_To do:_ Take nothing but the lines from the one with "Mug Visage abstrait 35cl vert" through the one with "Port Authority Womens" in the entries below, both ends kept, and return them exactly with pictures left out.

_Records provided:_
━━━━━━━━

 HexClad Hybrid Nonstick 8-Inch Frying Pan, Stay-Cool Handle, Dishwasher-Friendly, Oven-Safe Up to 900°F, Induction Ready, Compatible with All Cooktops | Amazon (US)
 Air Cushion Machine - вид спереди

━━━━━━━━

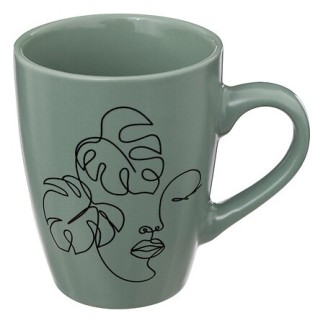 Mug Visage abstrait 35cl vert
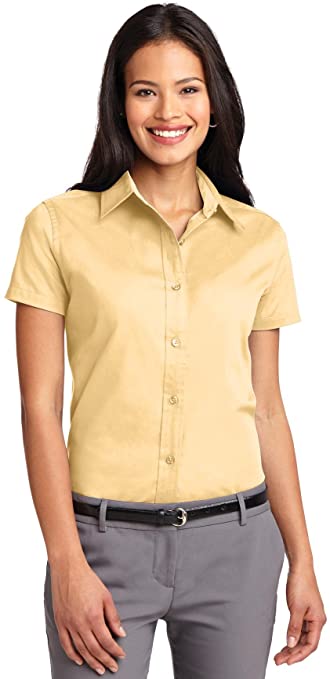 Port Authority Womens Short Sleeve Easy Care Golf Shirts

━━━━━━━━

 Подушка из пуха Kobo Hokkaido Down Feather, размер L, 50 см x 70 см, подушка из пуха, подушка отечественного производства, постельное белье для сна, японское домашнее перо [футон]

━━━━━━━━

_Exercise output:_
 Mug Visage abstrait 35cl vert
 Port Authority Womens Short Sleeve Easy Care Golf Shirts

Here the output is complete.